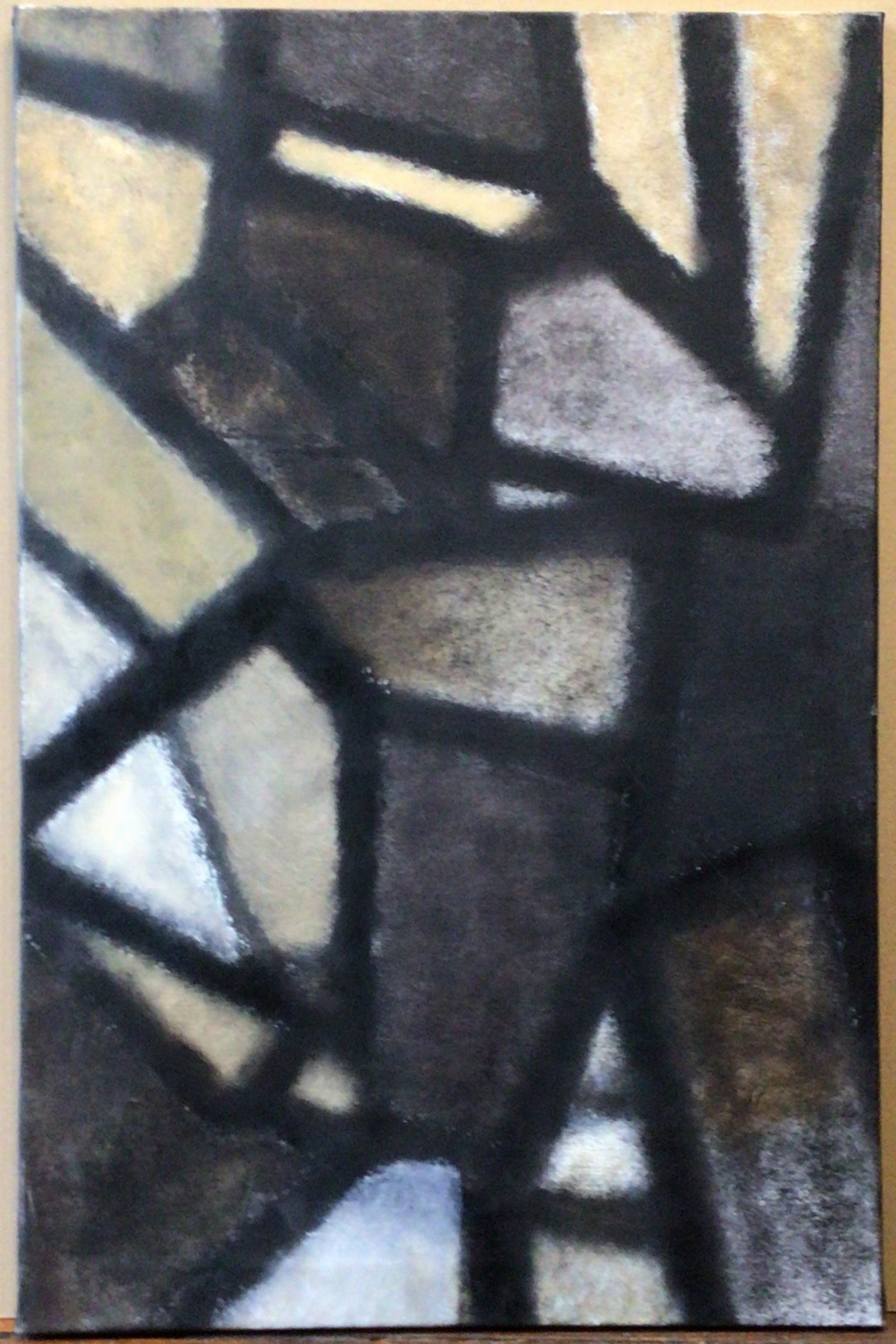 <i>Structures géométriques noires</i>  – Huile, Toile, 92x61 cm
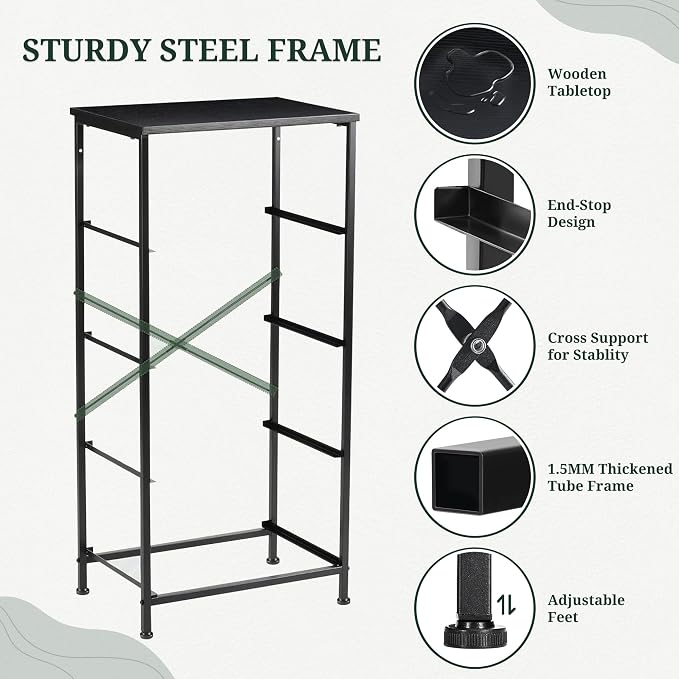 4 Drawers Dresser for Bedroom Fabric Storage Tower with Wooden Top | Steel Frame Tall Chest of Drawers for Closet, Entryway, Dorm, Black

---

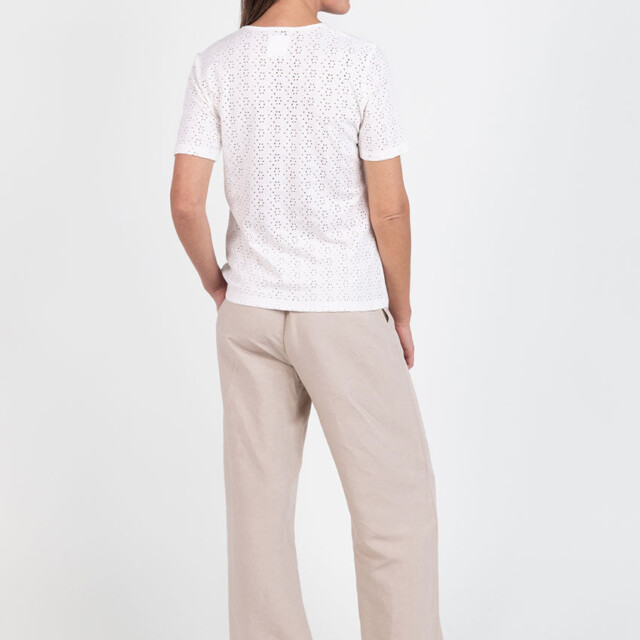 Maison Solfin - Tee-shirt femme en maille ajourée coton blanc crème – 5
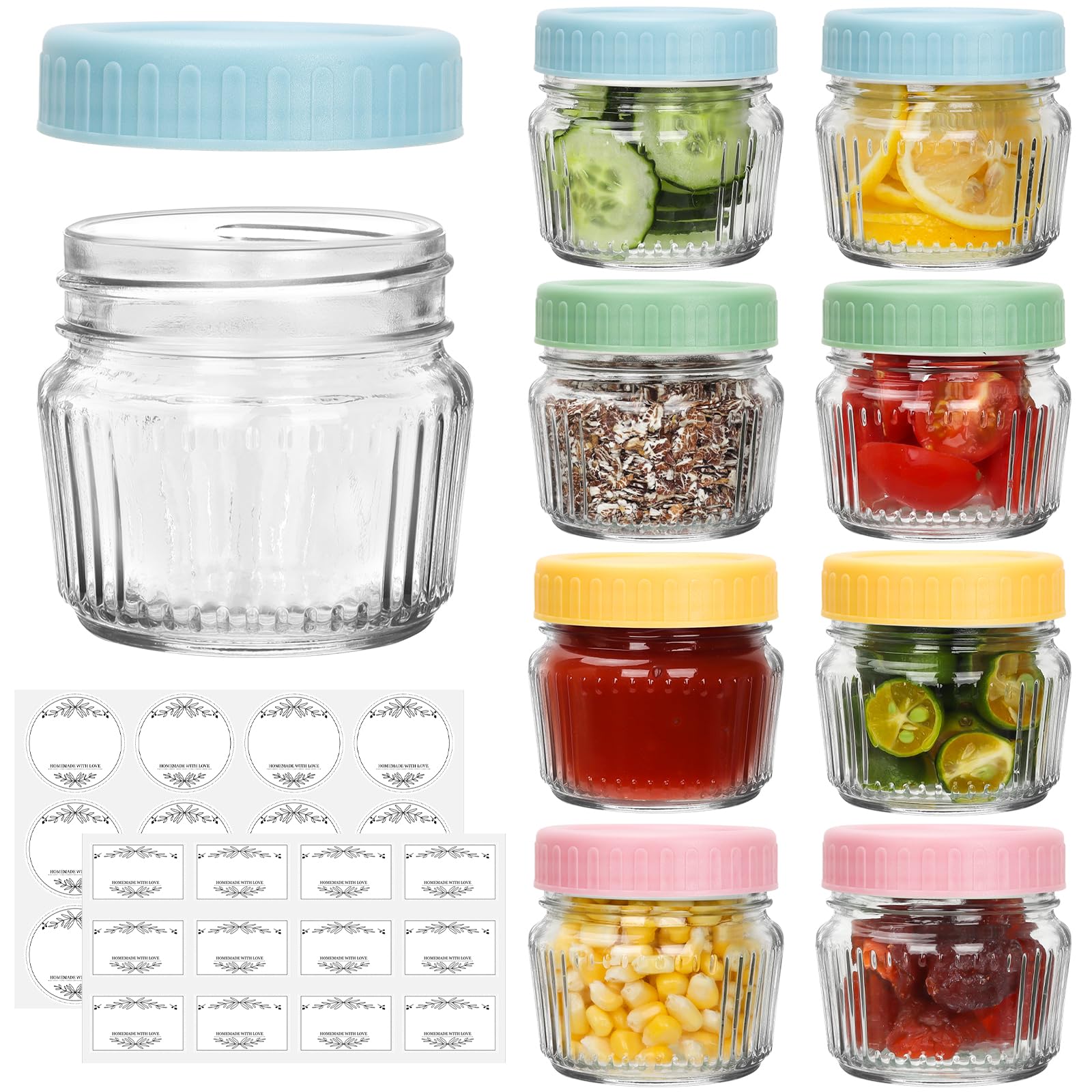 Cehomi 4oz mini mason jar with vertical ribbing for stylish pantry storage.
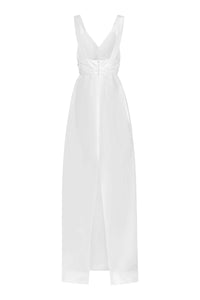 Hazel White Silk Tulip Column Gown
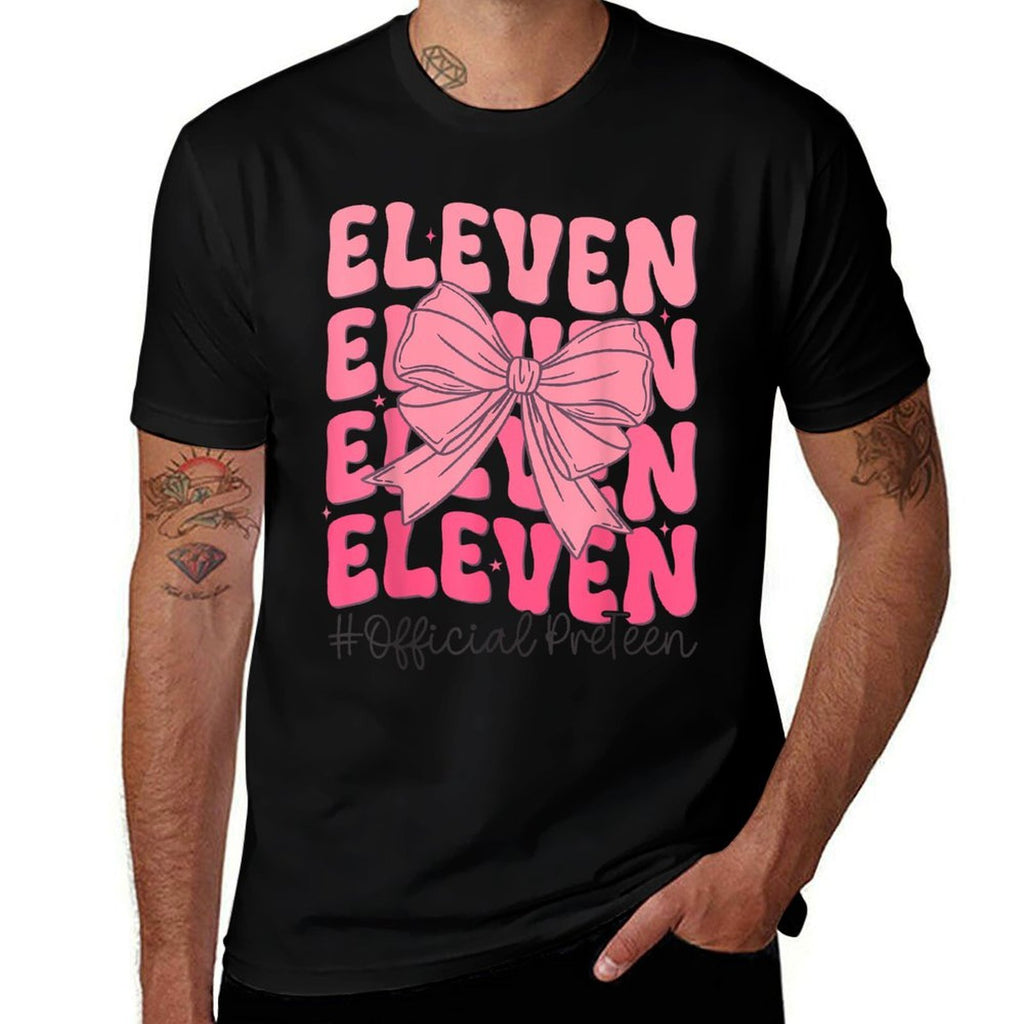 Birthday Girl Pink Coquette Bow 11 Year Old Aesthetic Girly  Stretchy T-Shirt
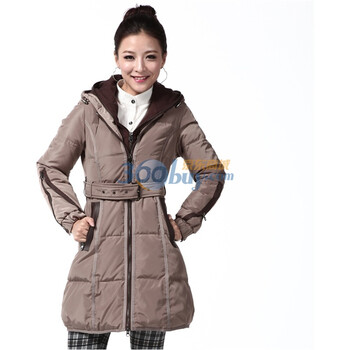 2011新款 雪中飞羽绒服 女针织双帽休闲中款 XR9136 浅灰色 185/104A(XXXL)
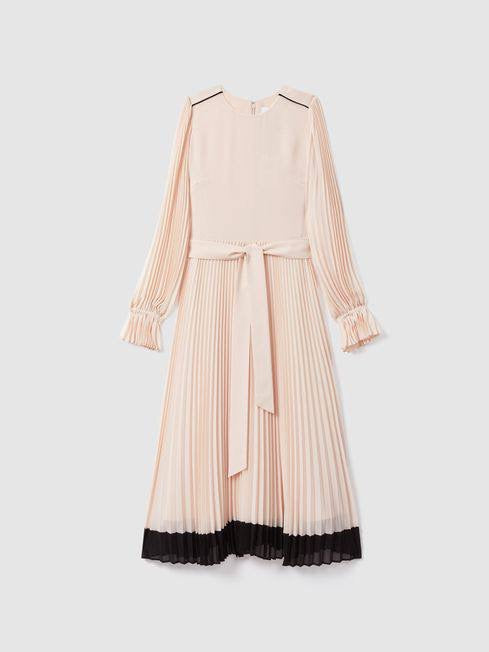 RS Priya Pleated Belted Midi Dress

...

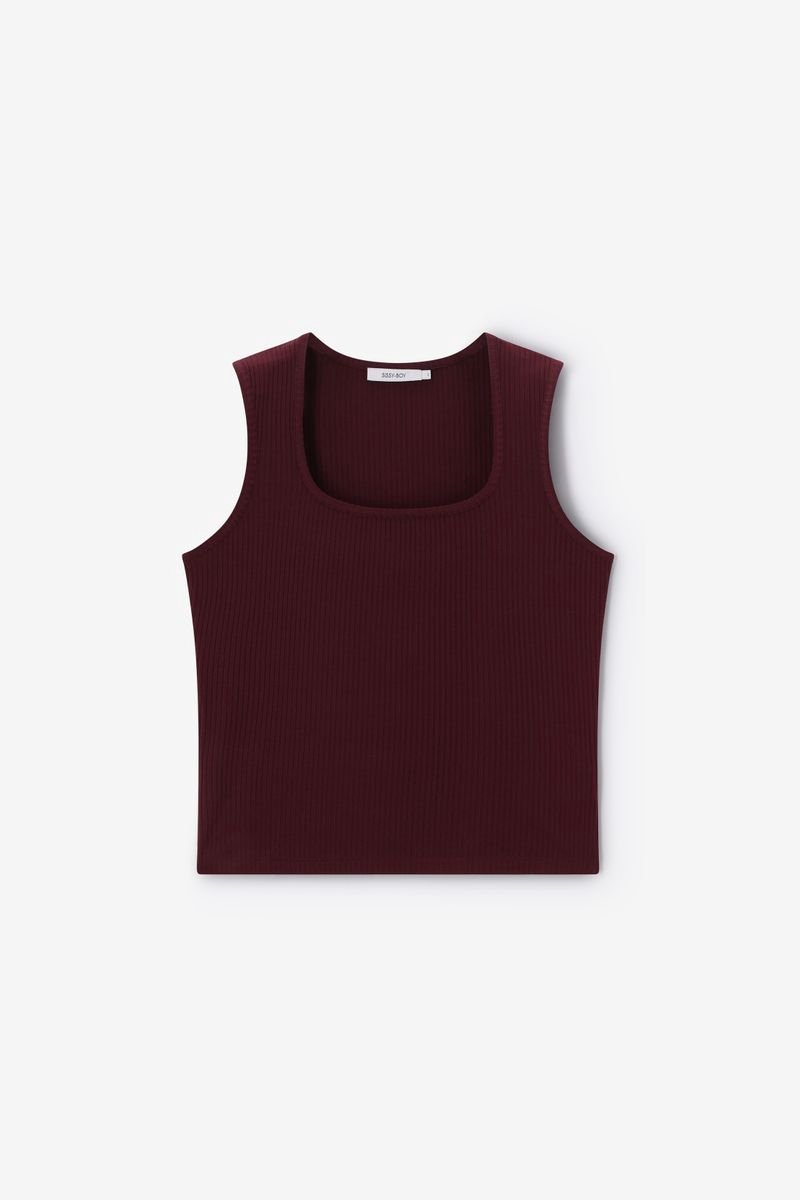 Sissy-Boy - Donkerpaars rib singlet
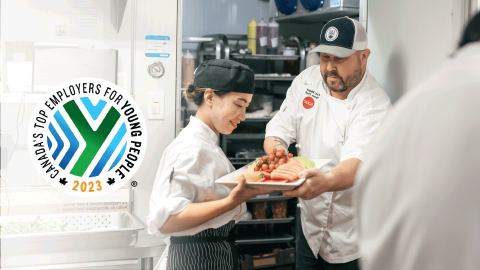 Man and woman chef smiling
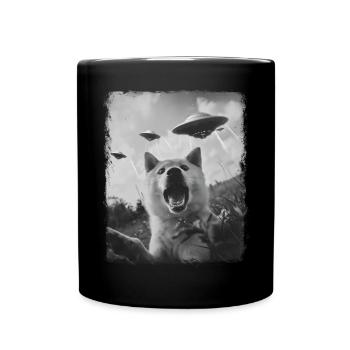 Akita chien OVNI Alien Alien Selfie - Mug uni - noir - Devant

> _Task goal_
Treat the line with "<i>Structures géométriques noires</i>" as the start and the line with "4 Drawers Dresser" as the end, and return exactly that span of the data above, both ends included, without pictures.

> _Reply_
 <i>Structures géométriques noires</i>  – Huile, Toile, 92x61 cm
 4 Drawers Dresser for Bedroom Fabric Storage Tower with Wooden Top | Steel Frame Tall Chest of Drawers for Closet, Entryway, Dorm, Black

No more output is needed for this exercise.